— Collected data —

*-*-*

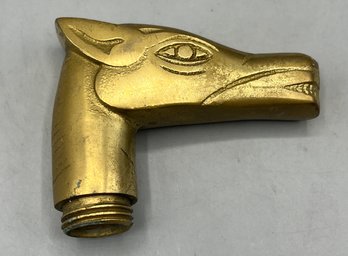 Solid Brass Horse Head Cane Handle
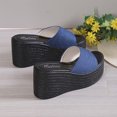 thumbnail image 7 of Women Fashion Sandals Wedges Sandals Platform Casual Summer High Heels Open Toe Espadrilles Sandal Slip on Shoes Women Dressy Platform Heel Arch Support Slip Sandals, 7 of 7
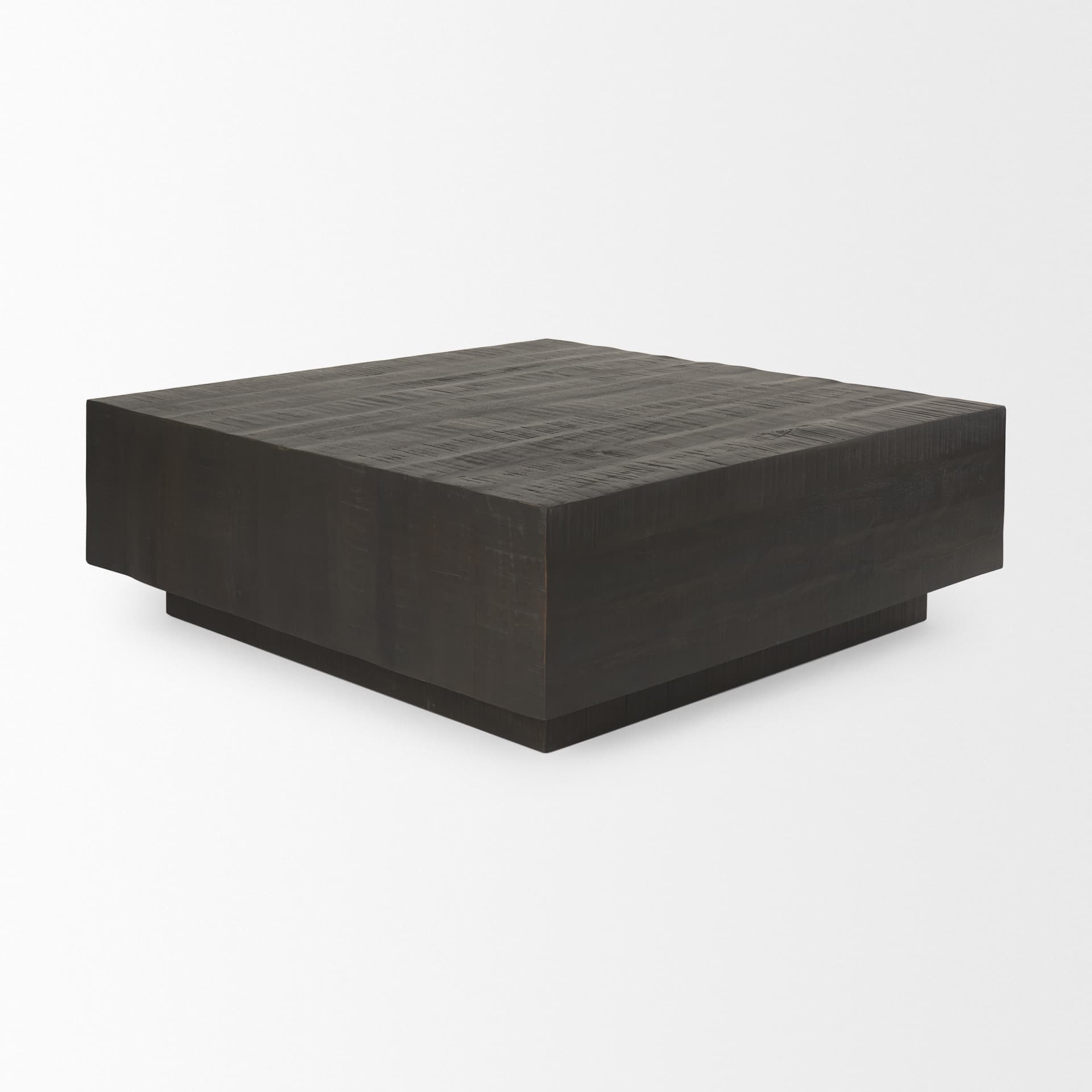 Hayden Dark Brown Wood Square Coffee Table — product photograph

*-*-*

— Aim of the exercise —
Print every line above exactly. Leave the pictures out.

— Result for this exercise —
 Solid Brass Horse Head Cane Handle
 thumbnail image 7 of Women Fashion Sandals Wedges Sandals Platform Casual Summer High Heels Open Toe Espadrilles Sandal Slip on Shoes Women Dressy Platform Heel Arch Support Slip Sandals, 7 of 7
 Hayden Dark Brown Wood Square Coffee Table — product photograph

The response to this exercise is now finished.